Did I forget to mention that I’m a struggling writer with a novel, First Year, and a memoir, Greetings from Casa Cesspool to my credit? Read more about my work at my website, http://www.bagmlit.com.
I got another nag that I’m not marketing efficiently. Okay. So here’s a review by Joyce Engleson.
Joyce Engleson was Editor-in-Chief for E.P. Dutton and editor-at-large for Crown Publishing, among many prestigious titles. She was also a best-selling author before her death in 2010. She was a highly accomplished woman. This is what she had to say about First Year. http://www.amazon.com/dp/B00JYIV9D6)
Last Wednesday Gordon and I drove down to the Music Center to attend Water by the Spoonful at the Taper. We’d just had soup at Kendall’s a few day’s earlier so we skipped dinner and went directly to the theater. I was afraid we’d have to park in the bowels of Hell because we showed up so late but the only thing going on was the Taper play. We got a decent parking spot, thank God. Water by the Spoonful is part of a Pulitzer-winning trilogy but each play can supposedly stand by itself. I’d never seen any of the plays but I didn’t need them so stay on stop of the action (one of the other plays is currently at the Kirk Douglas Theater but driving over to the West Side is such a pain I doubt I’ll see it). The action revolves around addiction and the mess if makes of peoples’ lives. Extended families also suffer from this scourge. The play starts with the thoughts of addicts in a chatroom encouraging each other to stay clean. They’re all struggling. Some are dealing with a crack addiction, one ex-soldier is dealing with an opiate addiction (he got hooked while undergoing four surgeries, also he has PTSD). The title comes from the story of one of the characters; when you’re dealing with dehydrated children you have to give them a spoonful of water every five minutes. It’s not much water but you have to stay and stay and stay making sure they get that spoonful every five minutes. I guess the moral of the play is you don’t have to do much for an addict except be there, and be there, and be there. It’s the supreme act of love. The reviewer of the Daily News claimed that the play was about the damage war does to people and there is an element of that but I didn’t get the political element that that reviewer saw. I thought the play was well-written. Gordon stayed awake throughout so…no Zs on the snore scale. The cast was balanced and excellent. Very thought-provoking but my main impression was: if people know what crack is going to do to them, why start at all? Doesn’t make sense to me. I’d rather have a beer. It’s cheaper and not immediately addictive.

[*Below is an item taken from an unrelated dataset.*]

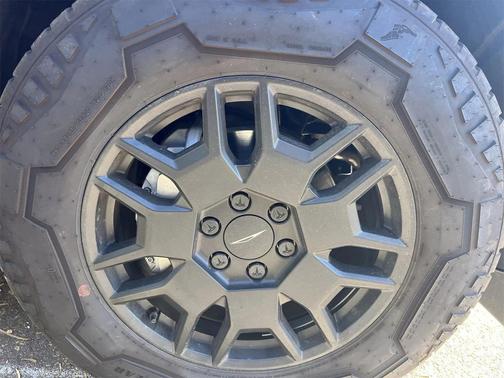 2024 Tesla Cybertruck All-Wheel Drive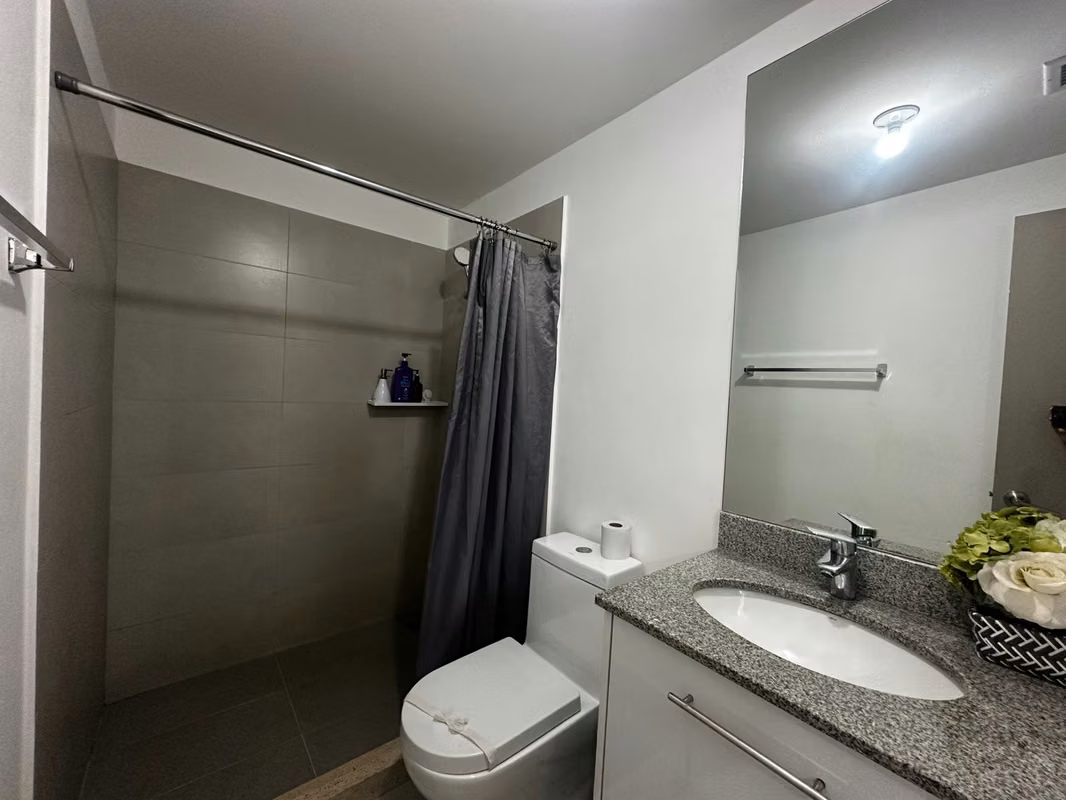  Alquiler Amueblado en Torre iFreses, Curridabat – Piso 2   -9, photo 2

Last Friday we attended a rehearsal of Esa-Pekka Salonen’s piano concerto, conducted by Esa-Pekka and performed by Yefim Bronfman. According to the notes the concerto was written for Bronfman so we figured we were in for a treat. But the real draw was Beethoven’s 7th. We missed that at the Beethoven festival last year and really wanted to hear it. Rehearsal started right at 10; Mr. Bronfman showed up in a gray suit and what looked like bedroom slippers–Gordon whispered that maybe they were Hush Puppies. Whatever, he looked comfortable. Esa-Pekka was all in black–Tshirt, jeans, tennis shoes….all black. He looked comfortable too. We listened to the orchestra practice that piano concerto for two and a half hours. It was very complicated and the orchestra needed the rehearsal but we were bummed. We wanted to hear the Seventh. So we bought a ticket for the Saturday performance. We got to hear the whole show. Biber’s Battalia consisted of strings and keyboard. The strings even stamped along to it. I’d never heard it before and it made me smile. I enjoyed the piano concerto when Esa-Pekka wasn’t constantly stopping to iron out rough spots. It’s new music but it’s trickling and sweeping–I was picking up a lot of water images listening to it. And Bronfman was amazing. He got a standing O and he deserved it. It really got special when Bronfman played an encore–Clair de Lune. It was breath-taking. After intermission we got hear the Seventh–our reward for being educated. It was whimsical in spots, precise through-out…it was an interesting interpretation and I thoroughly enjoyed it. Esa-Pekka even seemed to enjoy himself. The audience certainly did. It was a great concert. Glad we got the tickets. And it was good to have Esa-Pekka back in the house again. Sometimes I really enjoy living in LA.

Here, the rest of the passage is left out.